● **ABOUT THIS TASK**:
Print the listing below verbatim, passing over each picture.

● **THE DATA**:
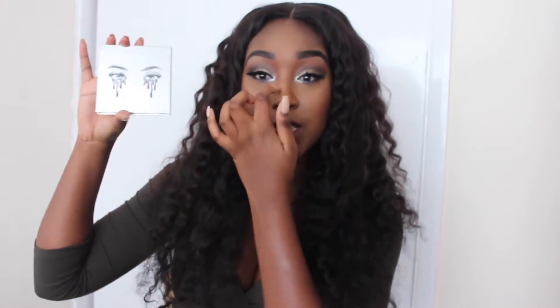Hey everyone, it's Tara. Welcome back to another video. Today's video is all about the new Kylie Shadow eyeshadow palette — the holiday 2016 palette. I thought I would sit down and give you guys a quick tutorial, first impressions, review, and some swatches — all that good stuff. So if you want to see what I think about this palette, definitely keep on watching.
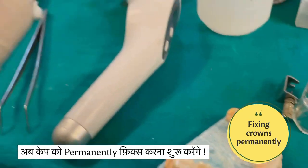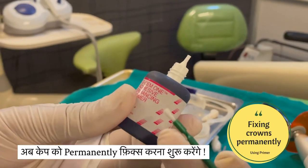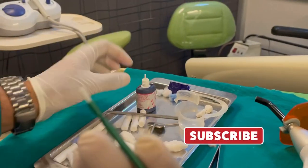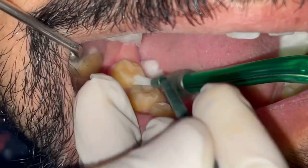When compared to basic PFM crowns, which contain metal inside, those crowns may expose the underlying metal over a period of time, which may not look good aesthetically. This doesn't happen with zirconia crowns, which is why zirconia is more preferable for aesthetic reasons.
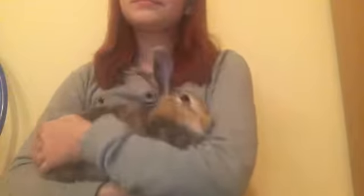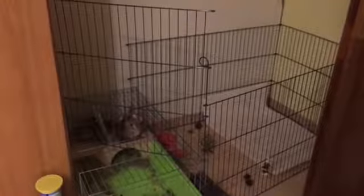Hi everyone, my name is Anna and this right here is my bunny Lexi. Today's video is going to be about our cage — it's not really just a cage, it's a cage plus a dog exercise pen.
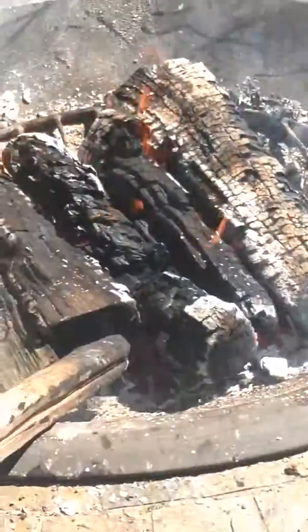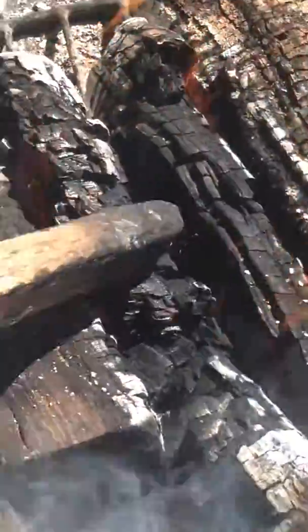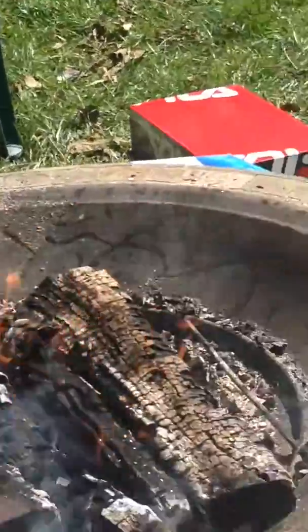We are going to need to add some more logs to this thing because it is getting charred up. It will stop burning once they get to ash.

● **TASK OUTPUT**:
Hey everyone, it's Tara. Welcome back to another video. Today's video is all about the new Kylie Shadow eyeshadow palette — the holiday 2016 palette. I thought I would sit down and give you guys a quick tutorial, first impressions, review, and some swatches — all that good stuff. So if you want to see what I think about this palette, definitely keep on watching.
When compared to basic PFM crowns, which contain metal inside, those crowns may expose the underlying metal over a period of time, which may not look good aesthetically. This doesn't happen with zirconia crowns, which is why zirconia is more preferable for aesthetic reasons.
Hi everyone, my name is Anna and this right here is my bunny Lexi. Today's video is going to be about our cage — it's not really just a cage, it's a cage plus a dog exercise pen.
We are going to need to add some more logs to this thing because it is getting charred up. It will stop burning once they get to ash.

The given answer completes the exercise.